**Material to process**
:::
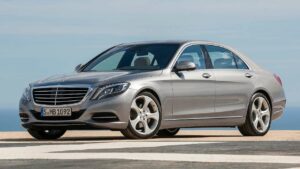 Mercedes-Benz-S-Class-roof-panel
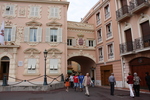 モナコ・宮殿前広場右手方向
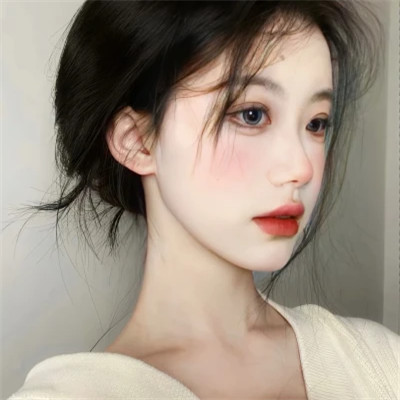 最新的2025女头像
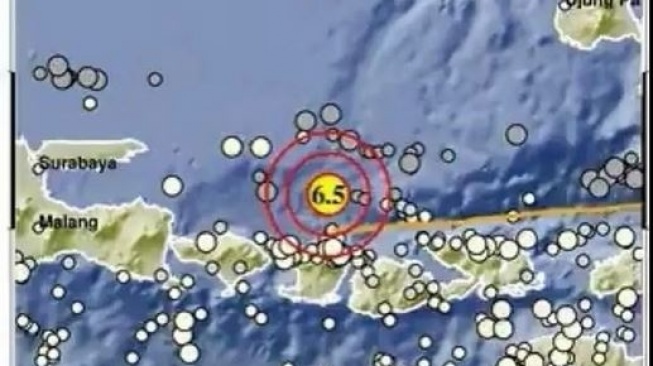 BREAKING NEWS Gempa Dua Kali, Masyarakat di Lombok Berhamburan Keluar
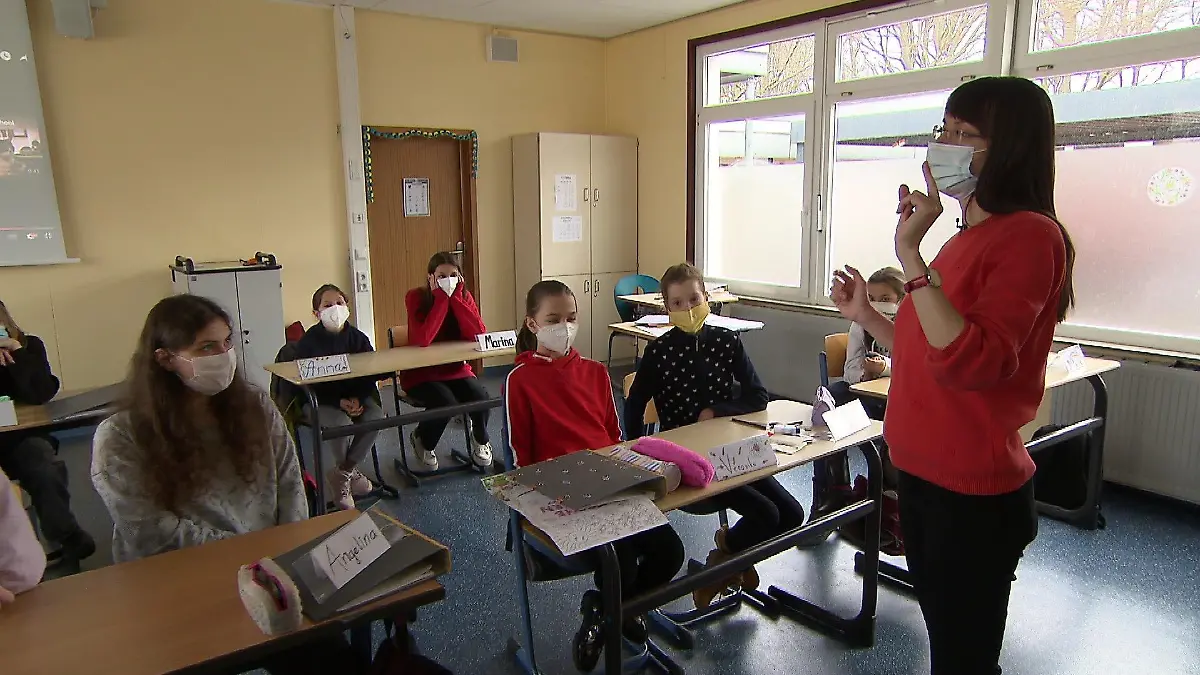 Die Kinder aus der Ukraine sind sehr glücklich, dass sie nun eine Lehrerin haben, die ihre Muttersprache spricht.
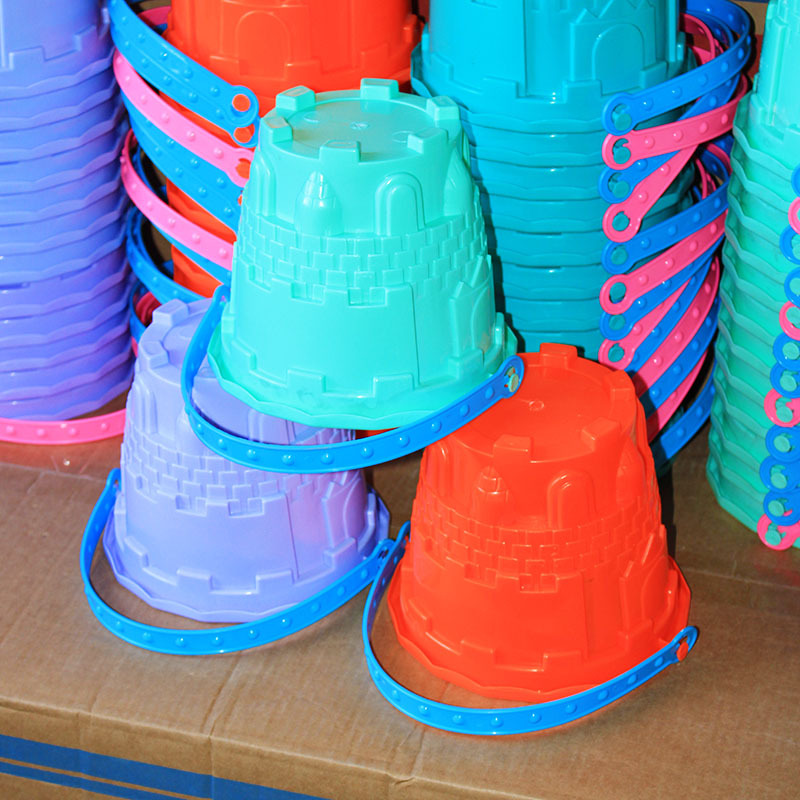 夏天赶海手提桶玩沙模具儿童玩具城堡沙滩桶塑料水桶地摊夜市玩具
:::
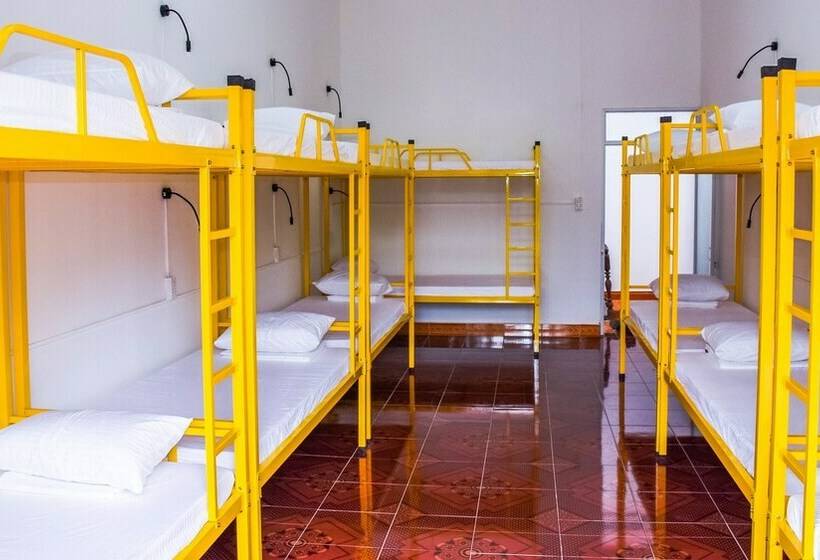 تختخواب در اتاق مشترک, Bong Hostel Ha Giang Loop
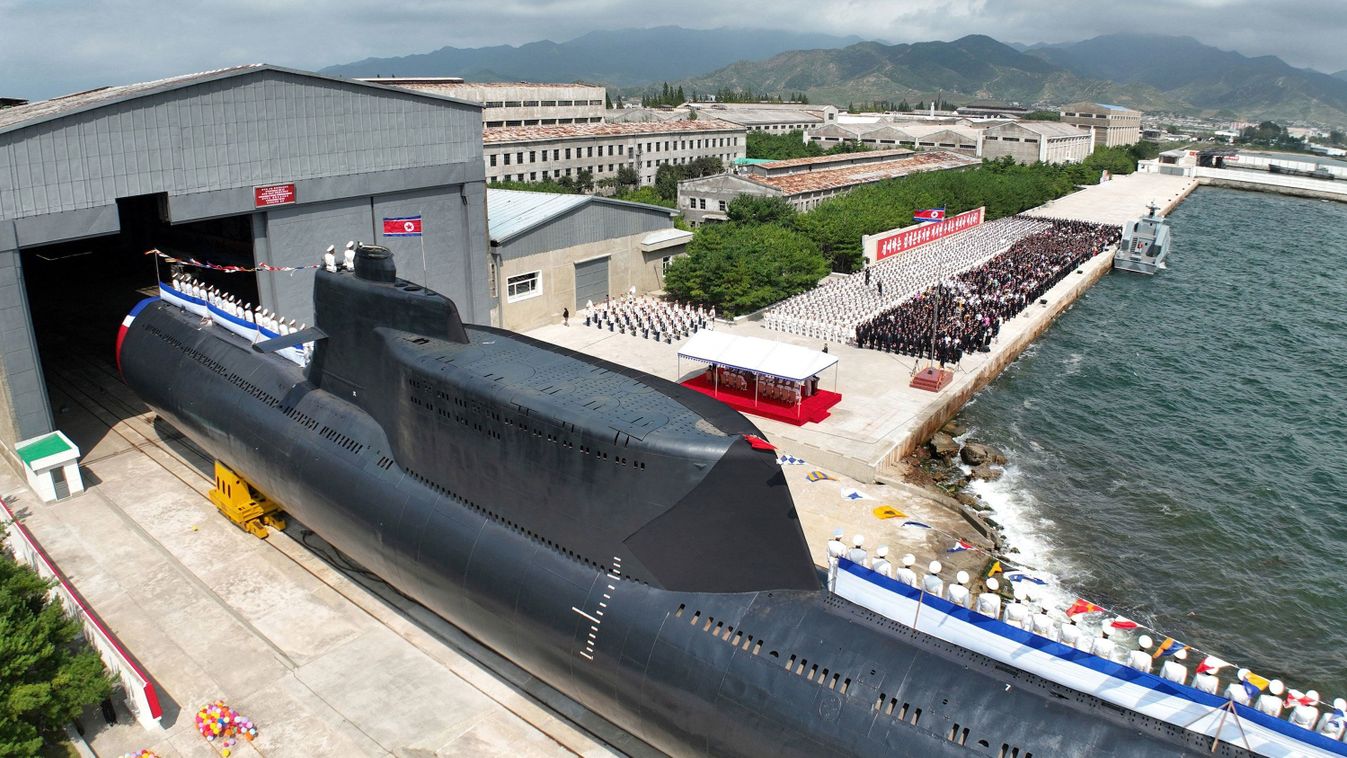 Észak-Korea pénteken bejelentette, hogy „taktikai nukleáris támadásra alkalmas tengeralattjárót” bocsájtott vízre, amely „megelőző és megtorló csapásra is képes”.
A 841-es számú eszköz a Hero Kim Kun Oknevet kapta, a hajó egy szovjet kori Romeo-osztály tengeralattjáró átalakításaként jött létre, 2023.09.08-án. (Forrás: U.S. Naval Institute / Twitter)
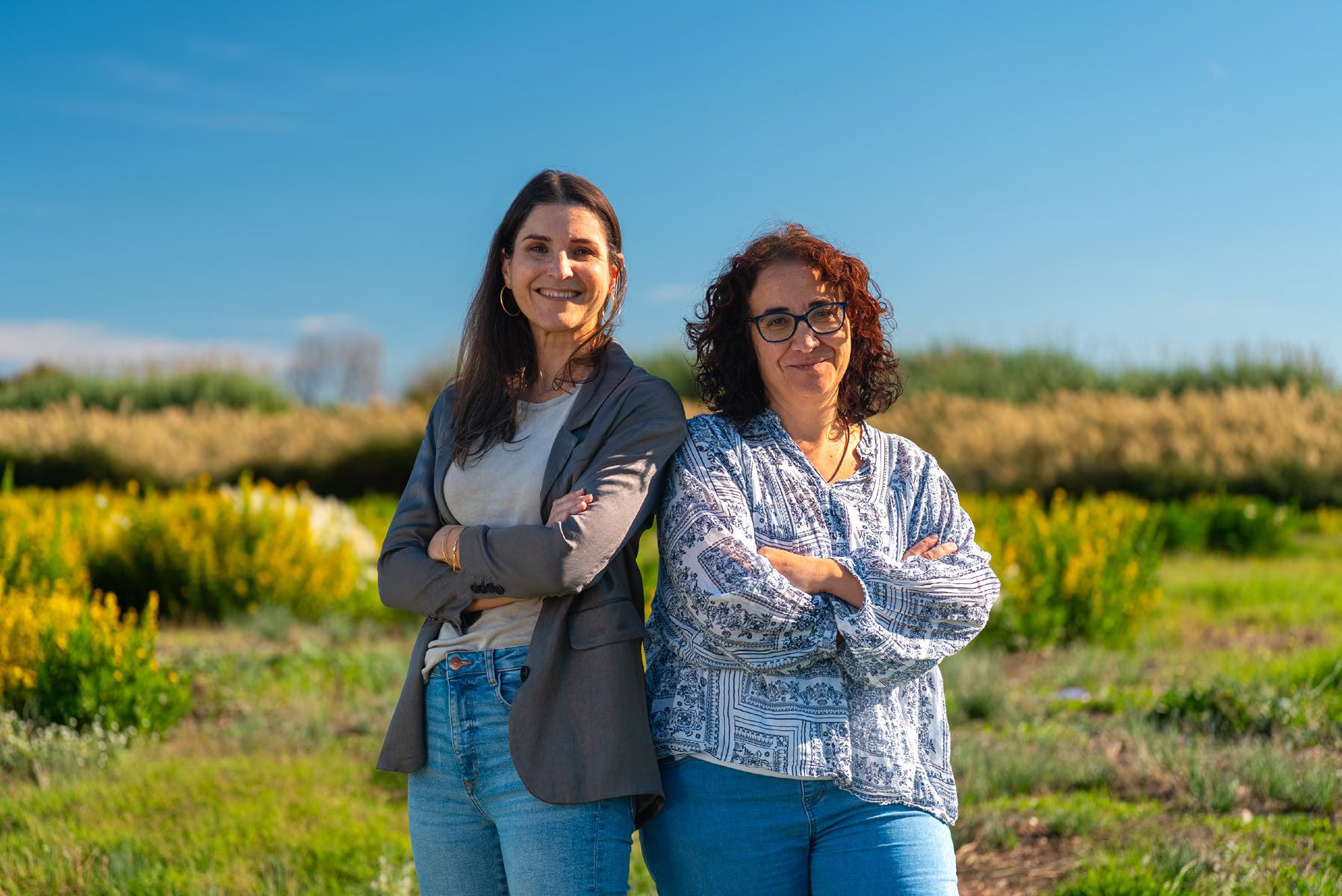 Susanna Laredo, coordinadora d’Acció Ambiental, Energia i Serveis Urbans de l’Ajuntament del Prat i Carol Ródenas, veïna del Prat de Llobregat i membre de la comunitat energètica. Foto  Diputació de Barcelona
:::
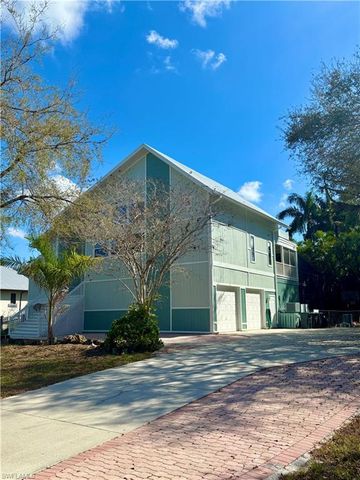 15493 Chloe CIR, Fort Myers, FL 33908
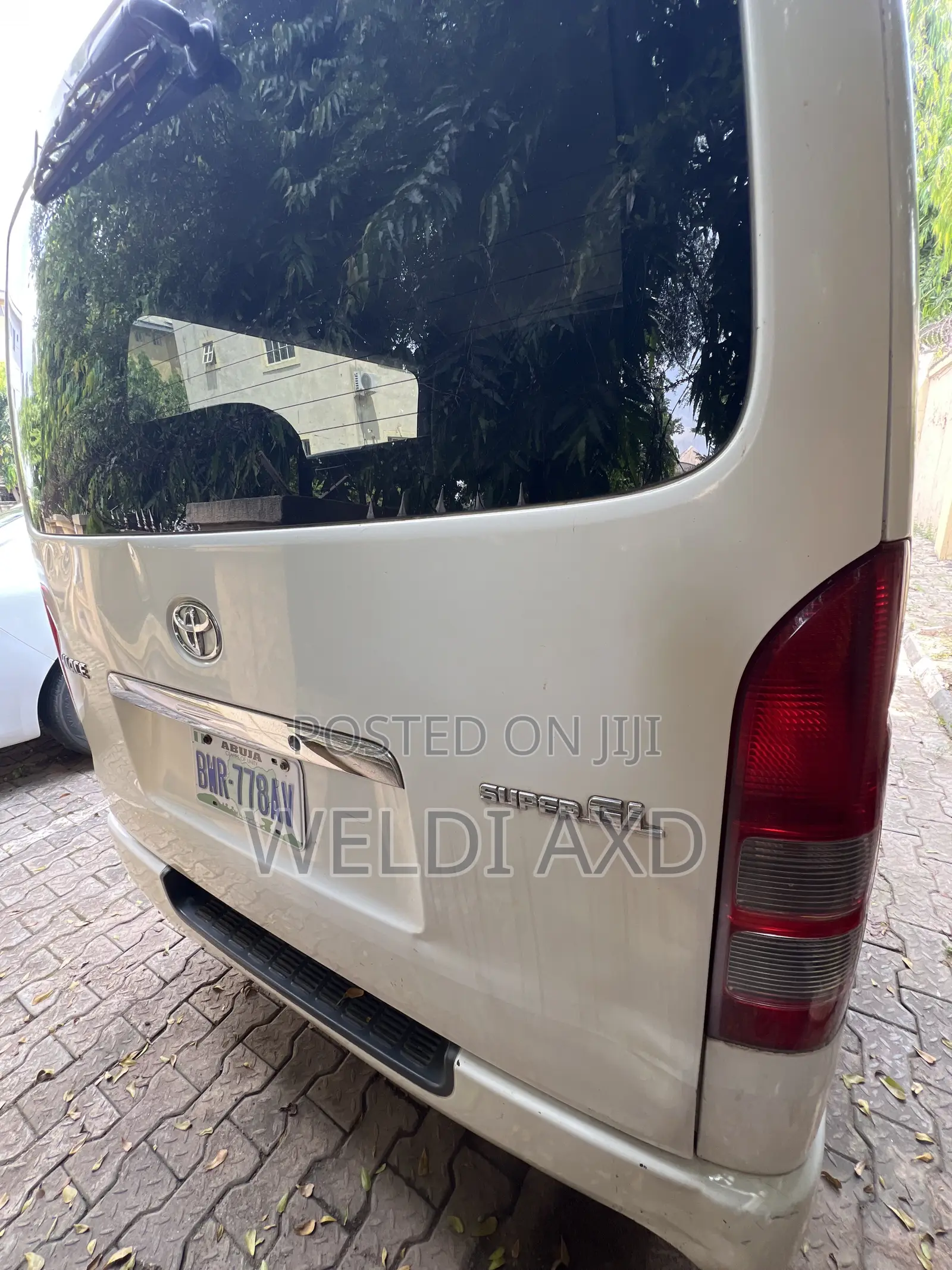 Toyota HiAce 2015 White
:::
**Exercise aim**
In the listing above, find the line containing "モナコ・宮殿前広場右手方向". Output it and every line after it up to and including the line containing "夏天赶海手提桶玩沙模具儿童玩具城堡沙滩桶塑料水桶地摊夜市玩具", exactly, but skip the pictures.

**Output**
 モナコ・宮殿前広場右手方向
 最新的2025女头像
 BREAKING NEWS Gempa Dua Kali, Masyarakat di Lombok Berhamburan Keluar
 Die Kinder aus der Ukraine sind sehr glücklich, dass sie nun eine Lehrerin haben, die ihre Muttersprache spricht.
 夏天赶海手提桶玩沙模具儿童玩具城堡沙滩桶塑料水桶地摊夜市玩具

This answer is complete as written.